- [PROBLEM TO SOLVE]
Write out again the lines from the line with "418 Broad Street" up to and including the line with "New Burberry Large", exactly as they stand below, and skip any picture.

- [EXERCISE DATA]
##############################
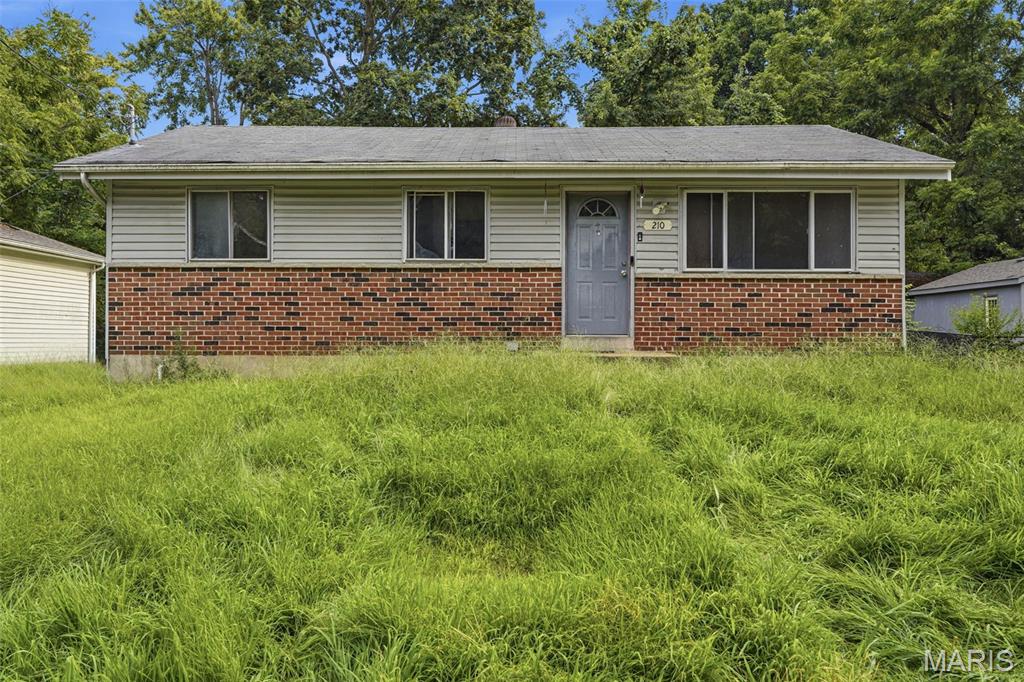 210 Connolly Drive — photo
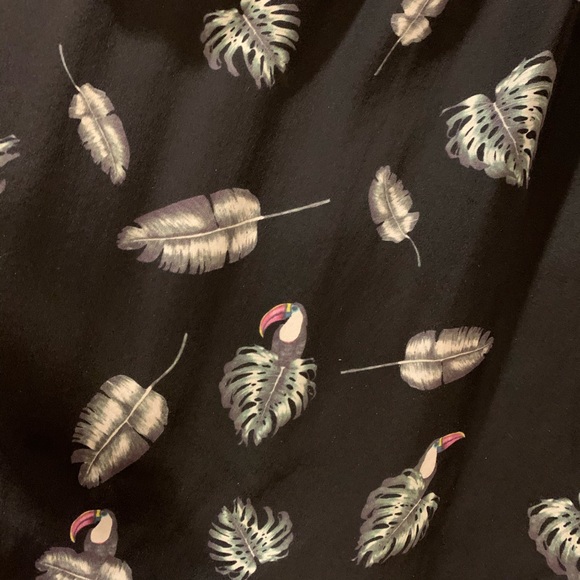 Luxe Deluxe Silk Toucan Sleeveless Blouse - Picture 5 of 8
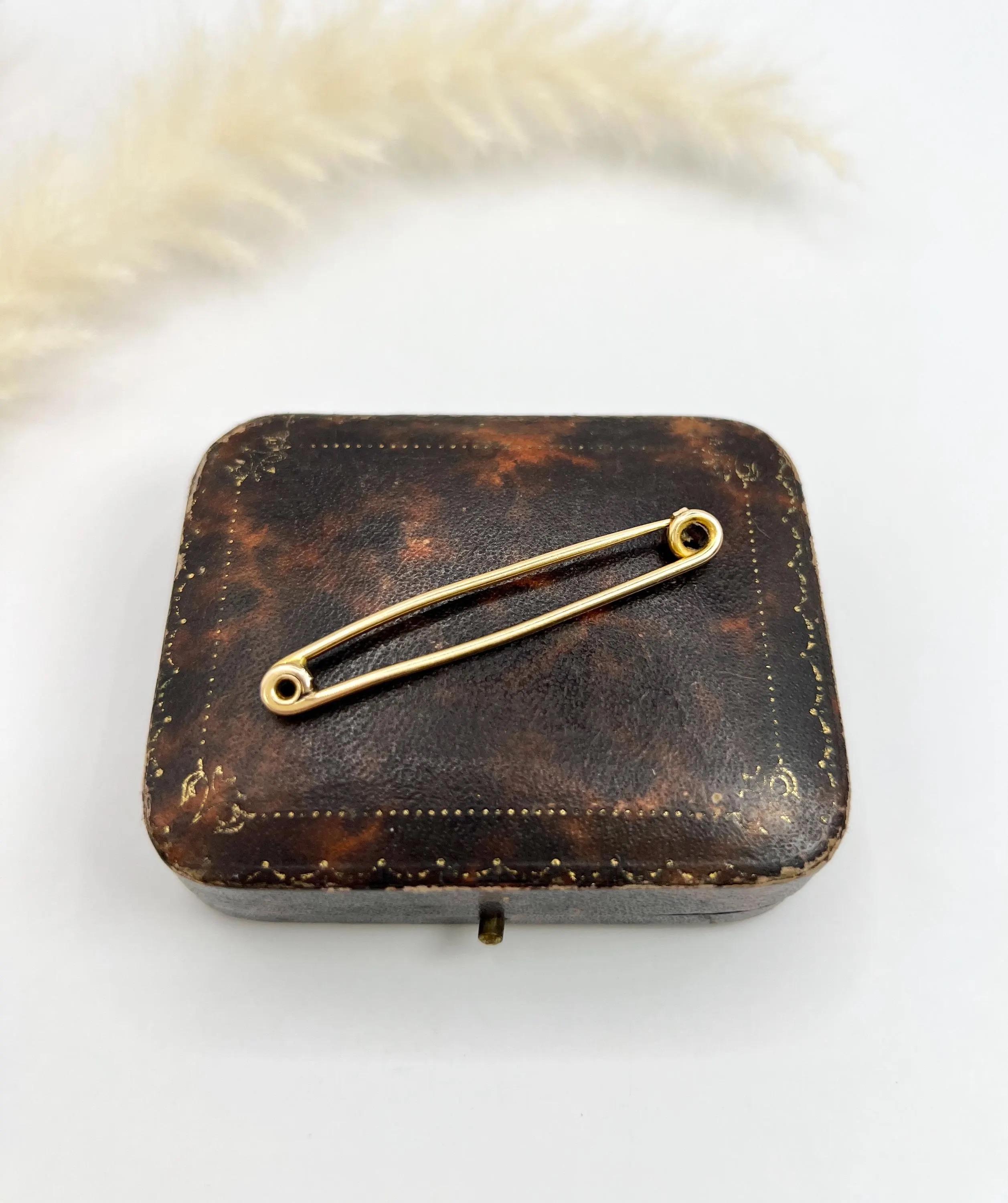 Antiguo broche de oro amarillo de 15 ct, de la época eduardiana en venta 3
##############################
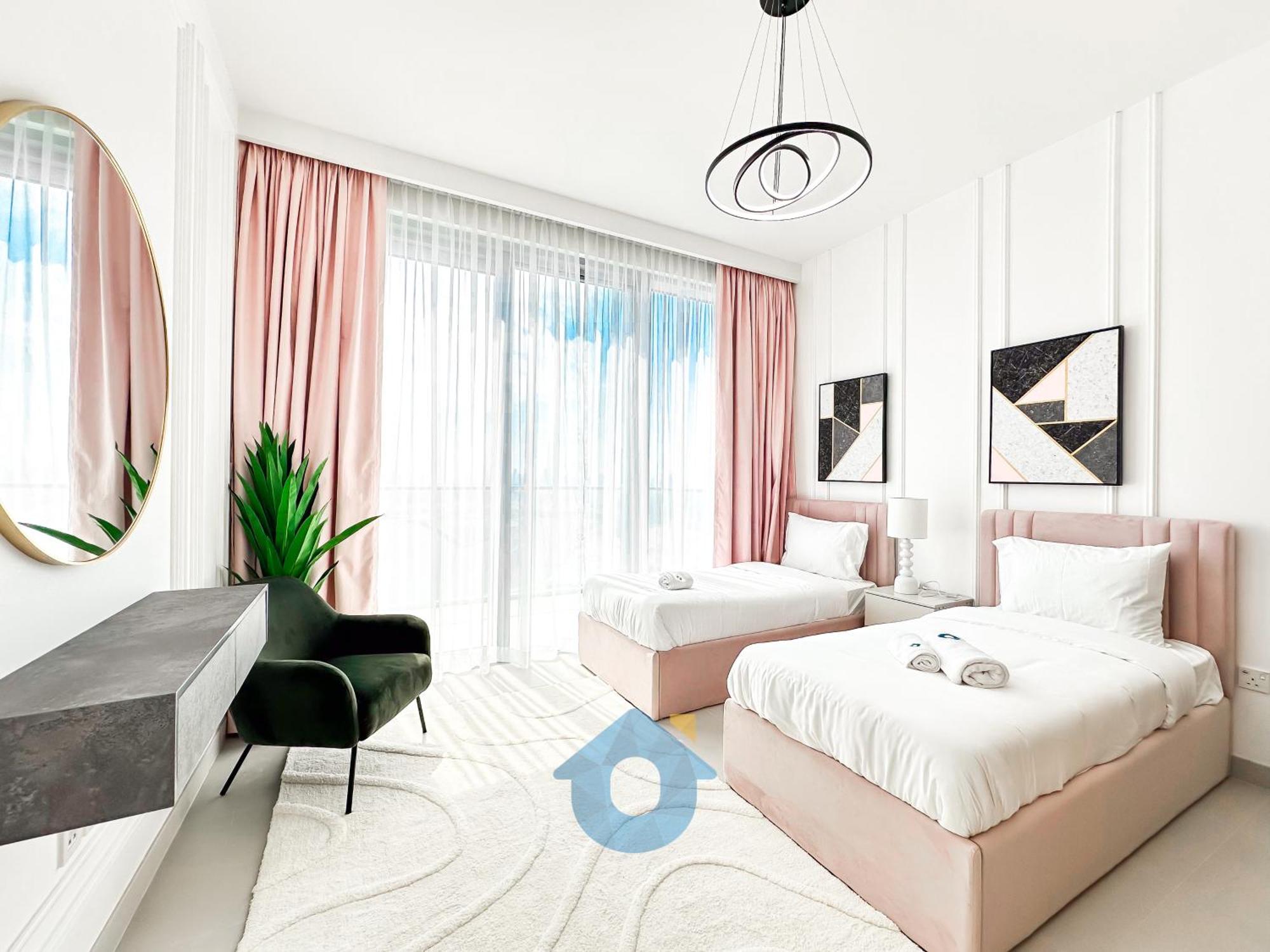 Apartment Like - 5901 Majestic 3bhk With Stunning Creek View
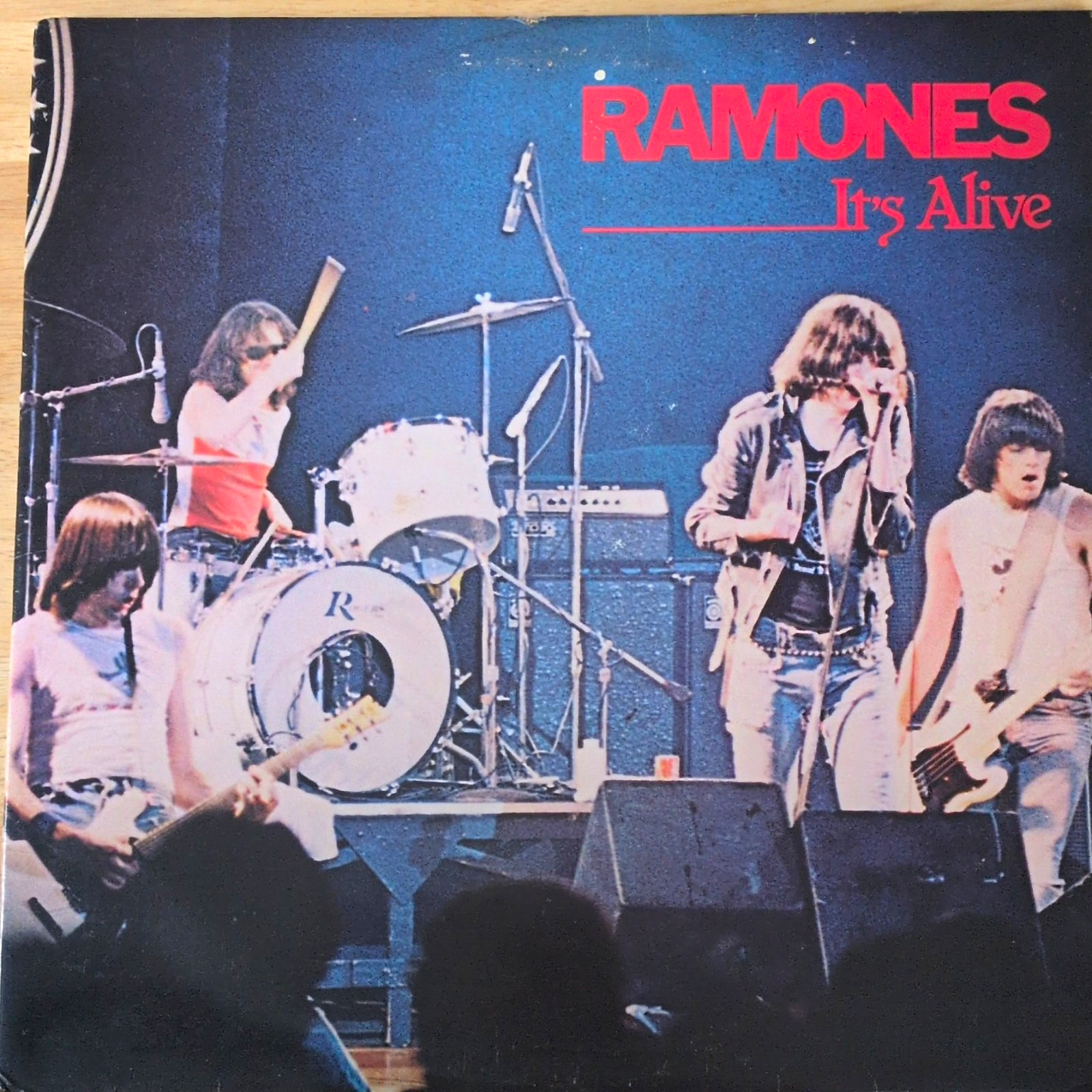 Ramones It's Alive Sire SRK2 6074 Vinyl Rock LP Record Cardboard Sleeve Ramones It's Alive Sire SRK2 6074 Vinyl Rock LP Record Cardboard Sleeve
##############################
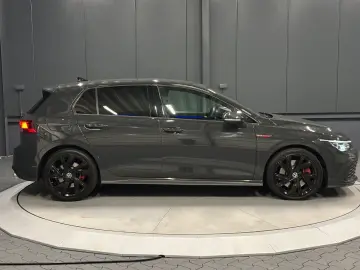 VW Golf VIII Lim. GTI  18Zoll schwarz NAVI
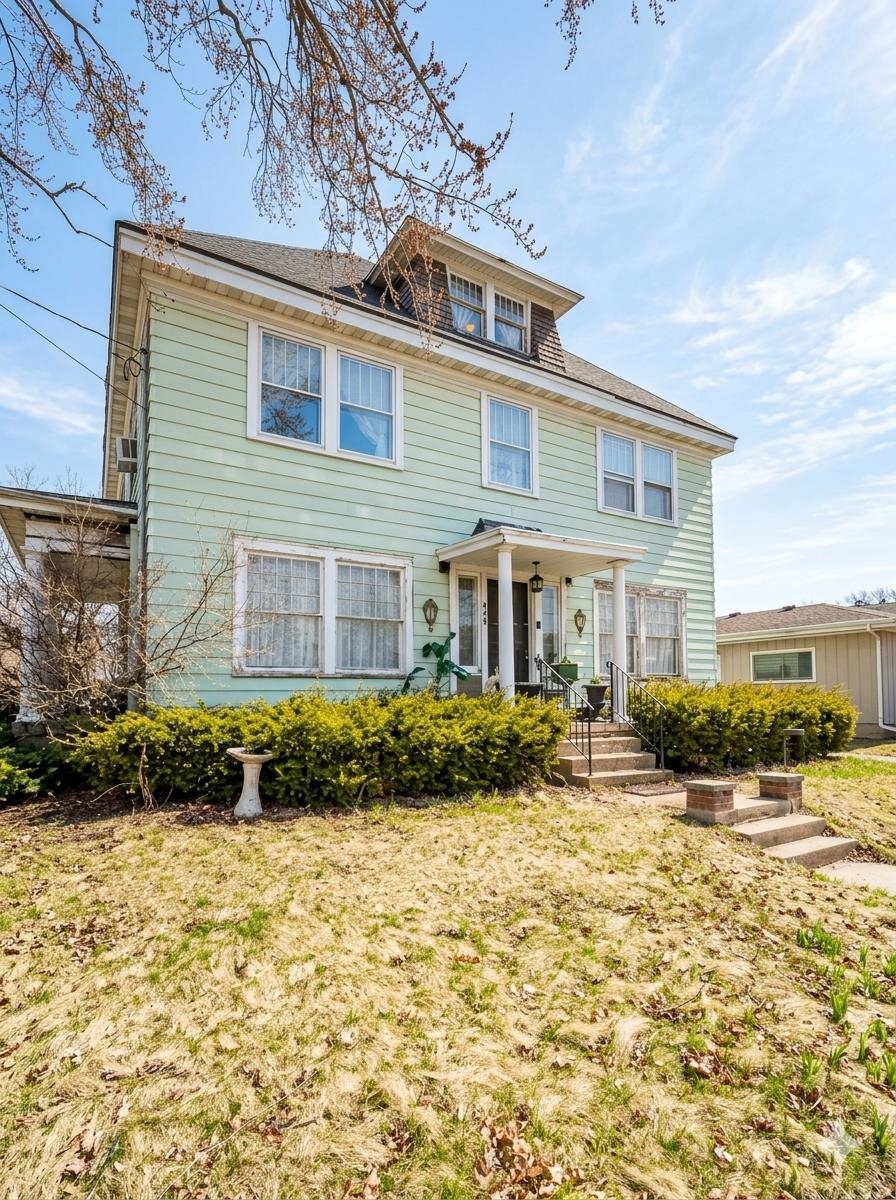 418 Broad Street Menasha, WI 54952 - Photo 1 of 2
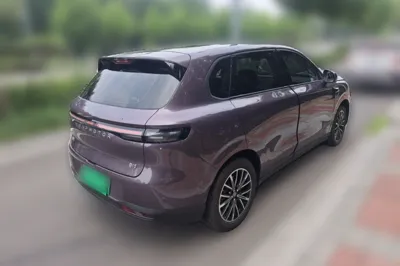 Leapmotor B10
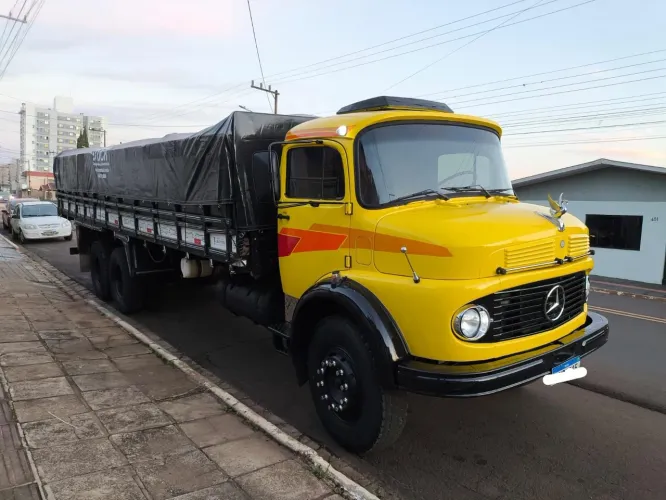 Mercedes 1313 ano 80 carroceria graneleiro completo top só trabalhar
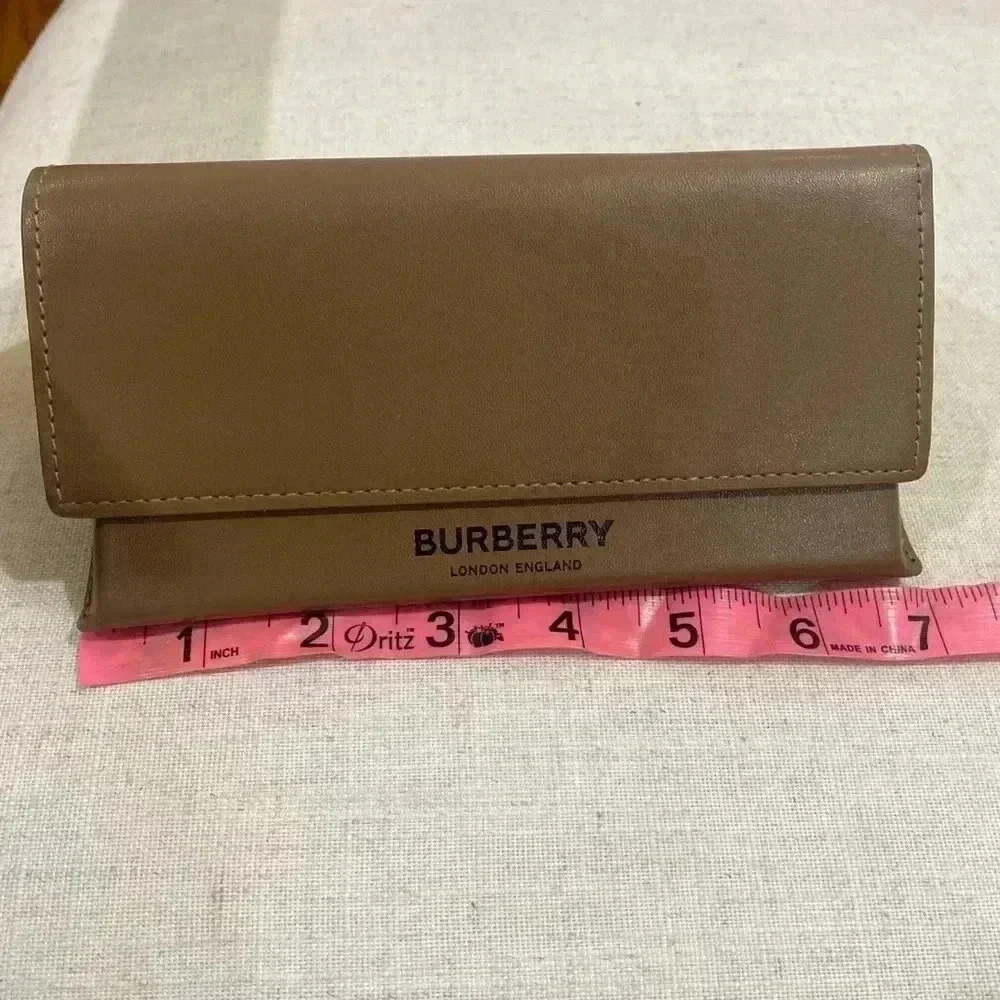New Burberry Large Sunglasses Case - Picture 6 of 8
##############################
- [TASK ANSWER]
 418 Broad Street Menasha, WI 54952 - Photo 1 of 2
 Leapmotor B10
 Mercedes 1313 ano 80 carroceria graneleiro completo top só trabalhar
New Burberry Large Sunglasses Case - Picture 6 of 8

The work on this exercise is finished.